# Looking for a unicorn!



## maverickxxx (Jan 25, 2011)

Ive been single for awhile now so I decided its time for me to find a unicorn


----------



## FarmboyBill (Aug 19, 2005)

Well, Looking for a unicorn, might be a good way to start looking for a good woman. A unicorn will be easier to find LOL.


----------



## Tommyice (Dec 5, 2010)

maverickxxx said:


> Ive been single for awhile now so I decided its time for me to find a unicorn


Finding a unicorn. Is that a euphemism for something?

p.s. Don't listen to FBB. There's plenty of good women out there. Maybe even one in particular.

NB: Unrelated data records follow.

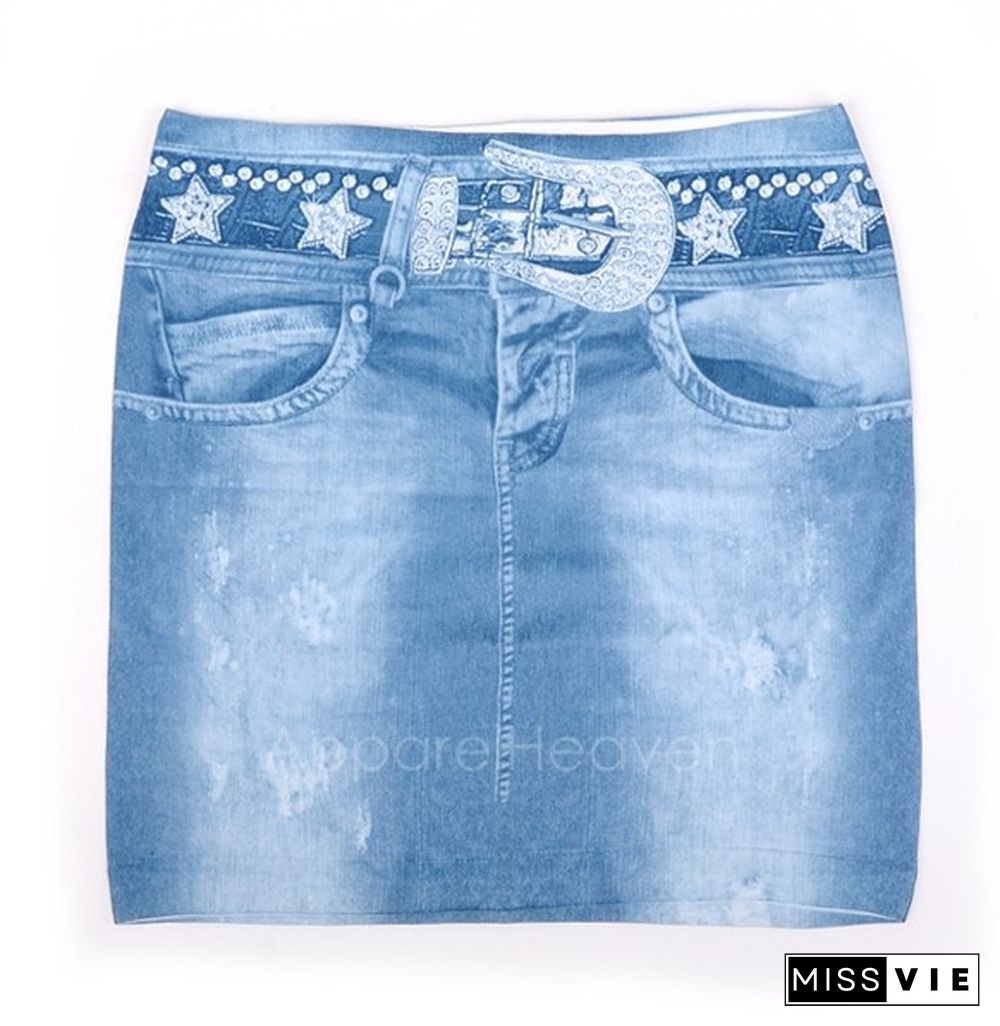 Sexy Ladies Blue Skinny Jeans Elastic Imitation Denim Bag Hip Short Mini Skirt AP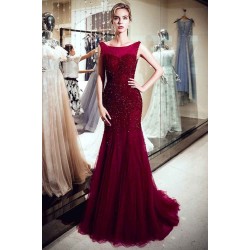 MELBA Mermaid Sleeveless Long Sequined Tulle Burgundy Evening Gowns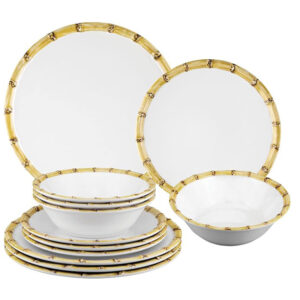 White Dinnerware Set Best 12 Piece Dinnerware Set Service for 4 Bamboo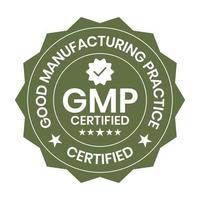 gmp certificado ou Boa fabricação prática certificado distintivo, carimbo, ícone, selo, rótulo, marcação, emblema para cbd rótulo óleo e embalagem Projeto vetor ilustração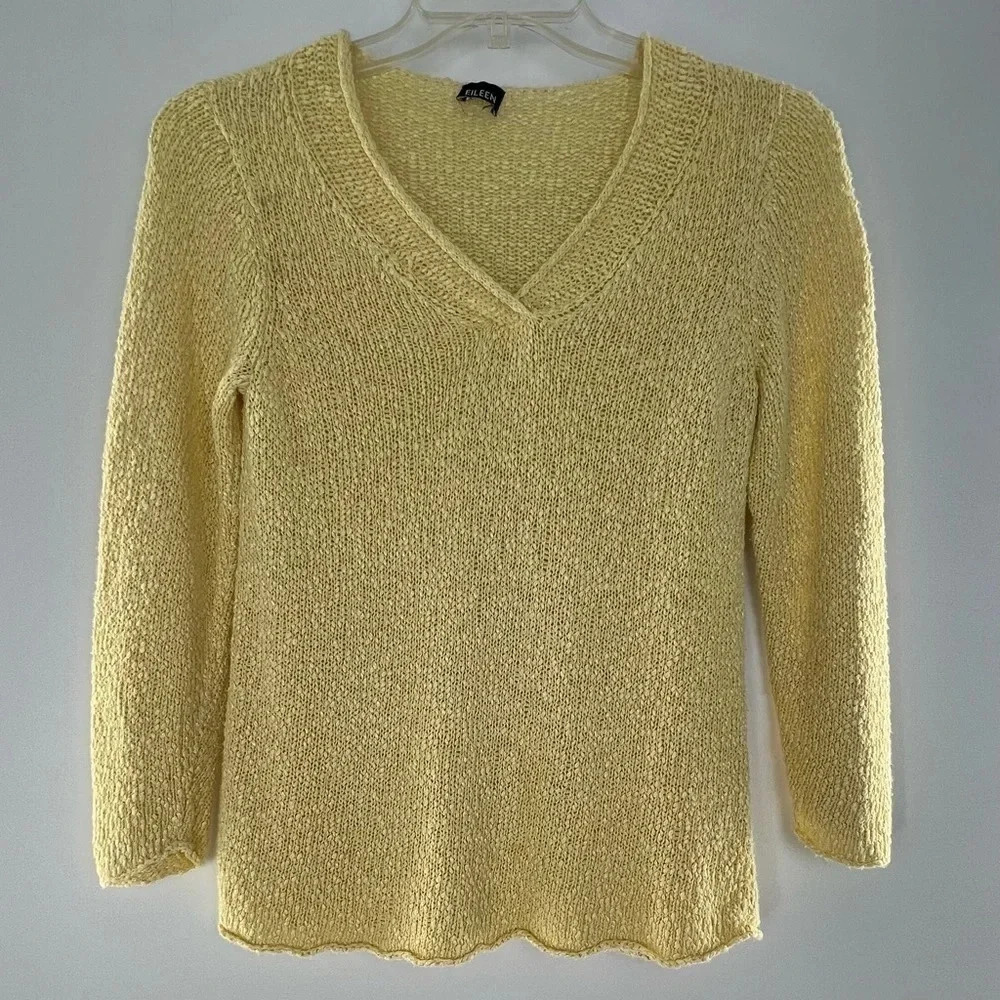Eileen Fisher Linen Blend V-Neckline Sweater Top Longsleeve Size Small-Med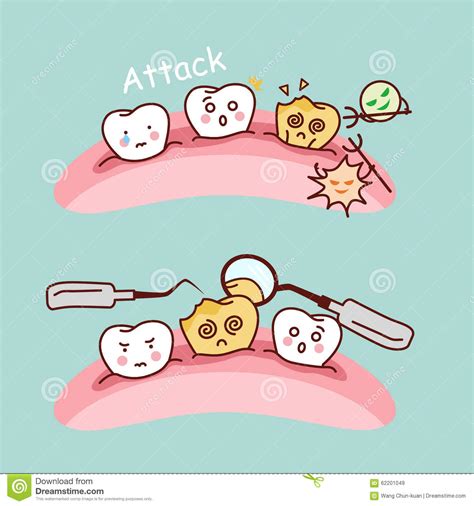 Cute Cartoon Tooth Cavity Stock Vector Illustration Of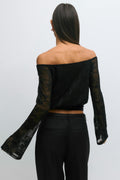 Lace off shoulder top - Noir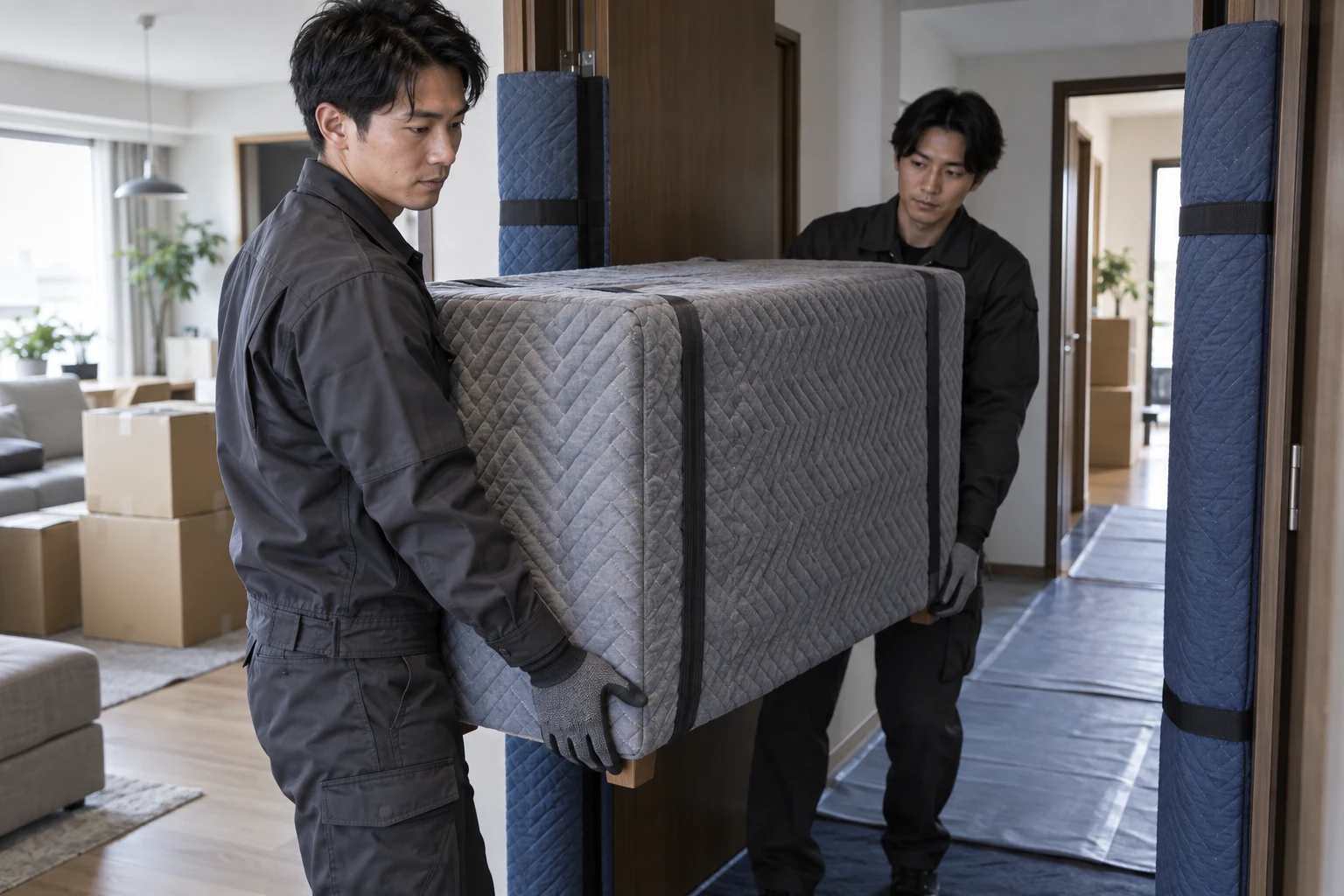 家具を保護して運ぶイメージ（AI生成）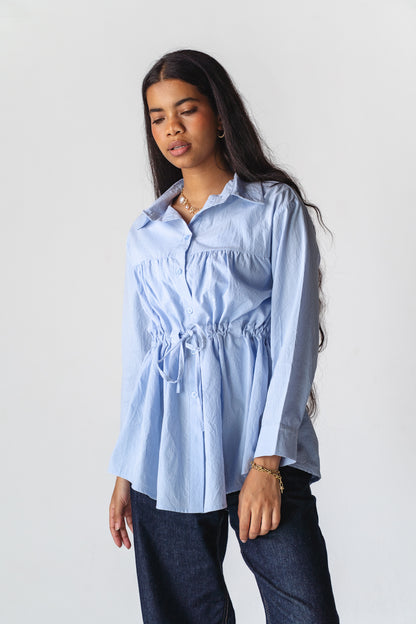 Tie-waist Baby blue shirt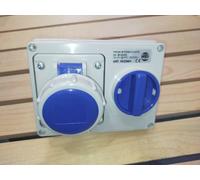 PRESA INTERBLOCCATA ORIZZONTALE 2P+T 16A IP67 CON SCATOLA DI FONDO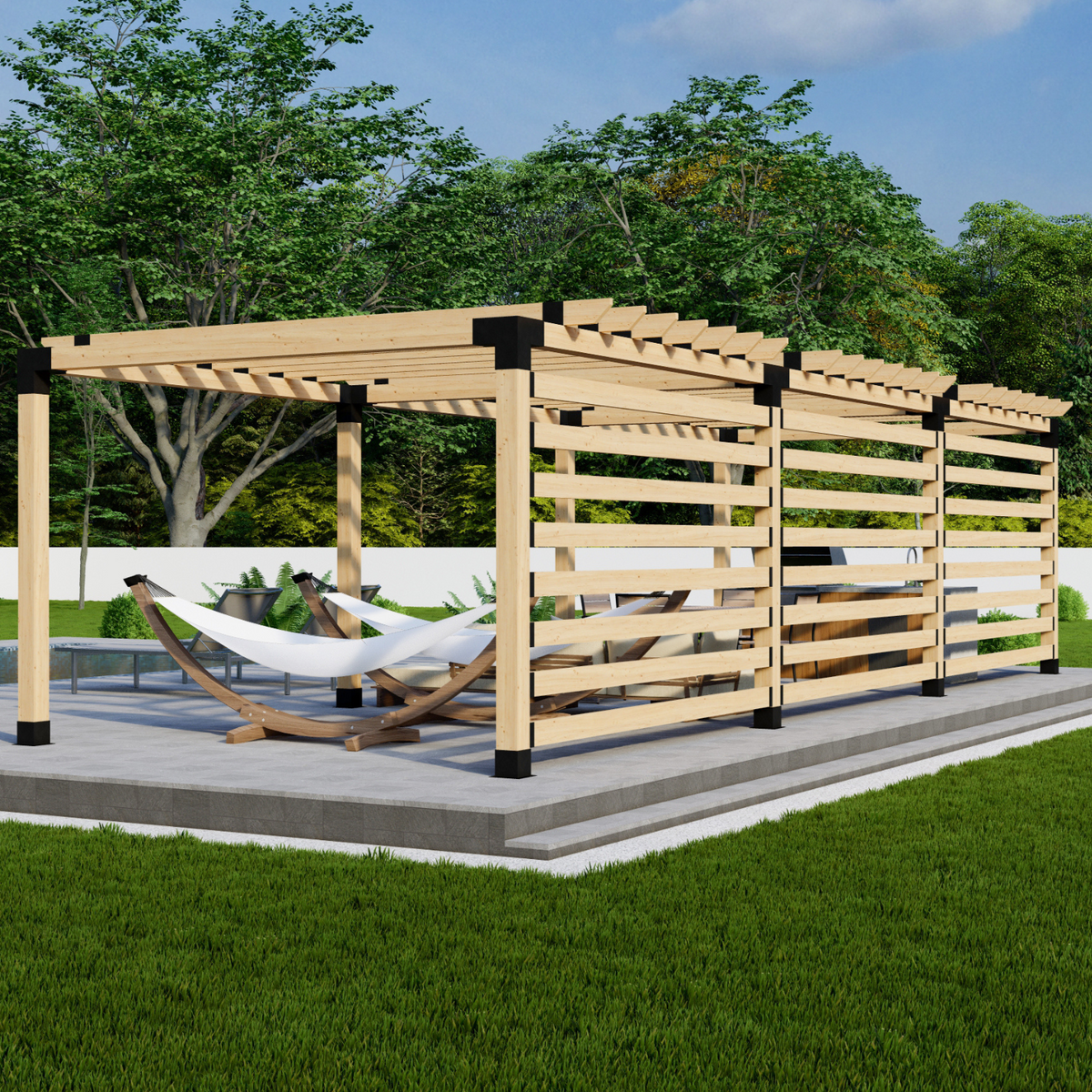 Kit moderne de supports noirs pour pergola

A unicorn is a good way to get to the "fairy-tale ending."


----------



## maverickxxx (Jan 25, 2011)

Well I was thinking a unicorn would take care of lots of stuff provide transportation an also. Y default bring me to riches fame n fourtane etc...


----------



## maverickxxx (Jan 25, 2011)

Yea it is a mythical creature


----------



## Guest (Aug 23, 2012)

I think I have a uniform that might fit you. Same difference, right?


----------



## maverickxxx (Jan 25, 2011)

I decided after venture down the path myself an zongs recent dealings with vampires I have decided to search for different fabled creature


----------



## maverickxxx (Jan 25, 2011)

Also the two horns that usually protrude from the head of women are way overrated I'm going to set my sights a little lower an just one horn


----------



## maverickxxx (Jan 25, 2011)

I also am going to start searching in fields an meadows cause in the pics of them it looks like happy place peaceful tranquill etc... An vampires I think of dark alley in medieval England where jack the ripper hangs out. An that's not place for women


----------



## Tommyice (Dec 5, 2010)

Setting your sights lower than a woman's head to something with just one horn? Looking for someone in the middle of transgender work?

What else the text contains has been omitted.